Dopo aver perso il suo posto come violoncellista a seguito dello scioglimento dell'orchestra per la quale lavorava, Daigo (Masahiro Motoki) decide di tornare insieme alla moglie nel suo paese natale. Qui, credendo si tratti di un impiego in un'agenzia viaggi, risponde a un annuncio di lavoro solo per scoprire che in realtà le competenze richieste sono per le cerimonie di preparazione dei defunti per il loro “ultimo viaggio”.

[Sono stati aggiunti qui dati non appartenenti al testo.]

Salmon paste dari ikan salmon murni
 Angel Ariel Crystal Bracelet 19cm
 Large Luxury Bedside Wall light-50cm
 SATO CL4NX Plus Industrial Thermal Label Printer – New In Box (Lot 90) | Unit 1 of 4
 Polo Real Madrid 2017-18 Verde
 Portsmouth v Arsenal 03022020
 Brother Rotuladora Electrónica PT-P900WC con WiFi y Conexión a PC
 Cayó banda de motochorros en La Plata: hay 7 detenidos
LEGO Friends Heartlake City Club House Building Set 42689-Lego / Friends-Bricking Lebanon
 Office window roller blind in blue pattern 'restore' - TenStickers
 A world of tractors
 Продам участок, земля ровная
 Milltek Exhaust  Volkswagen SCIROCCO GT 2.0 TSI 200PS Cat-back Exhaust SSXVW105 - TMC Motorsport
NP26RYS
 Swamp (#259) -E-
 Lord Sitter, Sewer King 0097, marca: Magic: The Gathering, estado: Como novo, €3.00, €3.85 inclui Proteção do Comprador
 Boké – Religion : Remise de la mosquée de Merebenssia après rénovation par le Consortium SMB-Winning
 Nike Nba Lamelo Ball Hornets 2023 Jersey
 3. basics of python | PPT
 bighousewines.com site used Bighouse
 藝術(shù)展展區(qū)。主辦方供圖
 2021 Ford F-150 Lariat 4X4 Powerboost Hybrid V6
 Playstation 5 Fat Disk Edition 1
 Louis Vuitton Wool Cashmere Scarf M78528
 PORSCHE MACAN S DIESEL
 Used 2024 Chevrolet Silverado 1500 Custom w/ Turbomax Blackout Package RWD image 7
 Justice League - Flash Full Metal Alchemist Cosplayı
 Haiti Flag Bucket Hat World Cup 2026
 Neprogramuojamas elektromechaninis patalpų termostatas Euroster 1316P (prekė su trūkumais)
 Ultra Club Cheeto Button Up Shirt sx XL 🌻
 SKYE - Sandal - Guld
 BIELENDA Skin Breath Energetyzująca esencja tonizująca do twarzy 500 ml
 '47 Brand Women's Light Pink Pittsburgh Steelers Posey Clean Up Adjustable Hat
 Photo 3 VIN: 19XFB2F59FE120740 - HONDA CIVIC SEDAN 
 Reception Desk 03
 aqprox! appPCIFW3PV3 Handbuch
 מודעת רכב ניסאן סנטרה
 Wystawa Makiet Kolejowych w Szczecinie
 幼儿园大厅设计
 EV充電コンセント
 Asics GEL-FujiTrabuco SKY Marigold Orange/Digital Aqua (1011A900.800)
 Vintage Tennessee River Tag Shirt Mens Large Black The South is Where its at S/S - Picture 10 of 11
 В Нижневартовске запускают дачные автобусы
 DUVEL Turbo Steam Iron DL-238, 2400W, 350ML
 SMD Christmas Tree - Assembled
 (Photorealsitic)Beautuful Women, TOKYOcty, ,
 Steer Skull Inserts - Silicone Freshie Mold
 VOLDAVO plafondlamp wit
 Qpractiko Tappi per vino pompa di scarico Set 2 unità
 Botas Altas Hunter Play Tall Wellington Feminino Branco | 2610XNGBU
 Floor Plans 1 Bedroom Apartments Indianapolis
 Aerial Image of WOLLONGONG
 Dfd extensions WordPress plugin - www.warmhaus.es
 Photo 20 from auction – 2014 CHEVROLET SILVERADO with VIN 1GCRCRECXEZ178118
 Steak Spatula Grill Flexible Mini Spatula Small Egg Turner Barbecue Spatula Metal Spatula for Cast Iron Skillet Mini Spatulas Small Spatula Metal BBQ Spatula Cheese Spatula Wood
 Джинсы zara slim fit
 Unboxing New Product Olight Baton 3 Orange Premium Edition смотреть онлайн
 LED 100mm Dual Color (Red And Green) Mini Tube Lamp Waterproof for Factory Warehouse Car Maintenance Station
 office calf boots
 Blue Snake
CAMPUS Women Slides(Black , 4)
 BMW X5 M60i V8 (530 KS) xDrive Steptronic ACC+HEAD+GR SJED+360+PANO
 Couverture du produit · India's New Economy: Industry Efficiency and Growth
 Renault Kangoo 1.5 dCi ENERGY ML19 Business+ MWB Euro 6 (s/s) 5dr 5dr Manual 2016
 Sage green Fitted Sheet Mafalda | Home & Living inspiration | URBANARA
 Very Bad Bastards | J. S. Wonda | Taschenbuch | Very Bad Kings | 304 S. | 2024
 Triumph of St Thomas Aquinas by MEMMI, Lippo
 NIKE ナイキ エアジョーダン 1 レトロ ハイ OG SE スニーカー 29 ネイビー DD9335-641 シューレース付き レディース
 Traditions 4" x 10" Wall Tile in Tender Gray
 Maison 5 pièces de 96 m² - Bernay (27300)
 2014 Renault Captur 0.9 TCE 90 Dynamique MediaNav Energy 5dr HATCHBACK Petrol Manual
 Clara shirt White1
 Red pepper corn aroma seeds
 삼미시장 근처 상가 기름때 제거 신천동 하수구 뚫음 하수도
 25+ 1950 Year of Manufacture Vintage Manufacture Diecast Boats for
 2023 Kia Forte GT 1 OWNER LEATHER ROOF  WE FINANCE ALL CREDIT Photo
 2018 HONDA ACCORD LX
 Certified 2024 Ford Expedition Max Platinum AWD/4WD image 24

Sarebbe un errore confinare la pellicola di Yojiro Takita a un solo genere cinematografico. Departures è, infatti, una finestra spalancata sulla cultura giapponese, le cui mille facce vengono in questo caso evidenziate dai rituali di preparazione dei defunti al loro ultimo viaggio. Ma se da una parte il film racconta con attenzione e dovizia di particolari, in maniera toccante e addirittura coinvolgente, tutti i passaggi del cerimoniale, dall'altra la storia è calata in un contesto banale e dai risvolti narrativi scontati e prevedibili tipici del melodramma familiare. Un peccato, perché lo slancio del film si arresta proprio dove avrebbe potuto ambire a vette ben più alte. La regia delicata e la bella fotografia, comunque, gli permettono di raggiungere un risultato complessivo più che dignitoso. Molto ben accolto a livello internazionale, Departures ha ottenuto un premio Oscar per il miglior film straniero e diversi altri riconoscimenti importanti (compreso il premio principale del Far East Film Festival di Udine).